-- HOW TO COMPLETE THIS TASK --
Working from the records below, repeat exactly the lines starting at the line that contains "Mężczyzna aplikuje serum" and ending at the line that contains "Sonda cónvex. Vista", inclusive.

───── PROVIDED INFORMATION ─────

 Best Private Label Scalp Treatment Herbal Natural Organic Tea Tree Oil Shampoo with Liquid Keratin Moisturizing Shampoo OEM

─────
───── PROVIDED INFORMATION ─────

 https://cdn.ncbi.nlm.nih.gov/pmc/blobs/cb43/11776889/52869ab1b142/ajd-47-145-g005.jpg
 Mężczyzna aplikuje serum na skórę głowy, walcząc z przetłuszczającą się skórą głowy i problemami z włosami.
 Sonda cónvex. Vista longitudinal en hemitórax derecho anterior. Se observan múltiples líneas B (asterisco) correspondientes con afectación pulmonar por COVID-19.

─────

-- ANSWER BELOW --
 Mężczyzna aplikuje serum na skórę głowy, walcząc z przetłuszczającą się skórą głowy i problemami z włosami.
 Sonda cónvex. Vista longitudinal en hemitórax derecho anterior. Se observan múltiples líneas B (asterisco) correspondientes con afectación pulmonar por COVID-19.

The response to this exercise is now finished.